Earlier this week, my uncle sent me the article, “The Morality of Meditation.” Similar to many articles these days, it is too short, and gives nothing but the briefest explanation of the topic, but it is an interesting idea.
The author, along with several colleagues, decided to test whether meditation actually makes people more compassionate towards others. The “test” they used was pretty clever. They had a group of people meditate for 8 weeks and a control group. Then they had people from both groups come back to the office where the waiting room had three chairs, two of which were already occupied. The subject always sat in the open chair, and then a fourth person came into the room on crutches and groaned in pain as he leaned against the wall. The question was whether the subject would give up his/her seat if the other two (who worked for the researchers) did not.
There have been many studies done that people are less likely to help others if they see other people are not offering assistance. Those studies, if you have never read them or heard about them, are actually quite frightening. Peer pressure is a powerful force, even when it is negative – not negative in the sense that you are doing something bad, but negative in the sense you are not acting. So others choosing not to act causes us to be less likely to act even to help someone in obvious distress.
This study found that people who had meditated were 3 times as likely to offer their seat to the guy on crutches. That is the “good” news. The not so good news is that it was still only about 50% of people. But their initial conclusion is that meditation does, or might, help people be more compassionate to others. (HUGE CAVEAT: I’m basing my understanding of this study on an article in the NY Times that was shorter than this post, and I have my own twists.) Also important, only 39 people participated in the study, and only 20 of them were asked to meditate. That is a very small sample.

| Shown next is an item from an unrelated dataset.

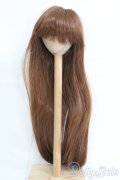 9〜10inch/ウィッグ I-25-05-11-2026-TO-ZI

All of those caveats aside, what does this tell us? First, I think it tells us that we as a society are obsessed with meditation as a fad. We want to know how it can help us. We want proof. I mean, what is the point of meditating if we do not get something out of it? I like science and studies as much as anyone, and I think I have even posted how excited I am about such studies in the past. But I’m getting tired of them. I do not want a scientist telling me meditation works. I just want to meditate. And I think that's my yoga side taking over my lawyer side. Lawyers like evidence. I really do like evidence, but I do not always need it.
But I see two other issues with this study, neither good nor bad, but just interesting. First, the guy who needed help walked into the room on crutches. That is an obvious injury. Of course, it does not appear he was really injured at all, just a research tool told to act in a certain way. I have been living for the past 6 months with the opposite issue. I look fine, but I hurt a lot. I feel terrible when I go to the grocery store and do not help bag my own groceries. I feel terrible when I choose not to sit because it is easier to stand, but then I am towering over people feeling like I am acting superior to them. I would have actually done the exact opposite of all the research subjects. I would not have sat in the empty chair. I would have stood up, and that’s probably true even before I was in pain. And so I wonder, how many of the research subjects had a reason not to get up for the guy on crutches? We do not all wear our lives on our sleeves.
We all have hidden stories, and far more goes into those stories than whether we meditated that day. I would love to live in a world where we are all better at asking people their stories rather than making assumptions based on what we see only with our eyes.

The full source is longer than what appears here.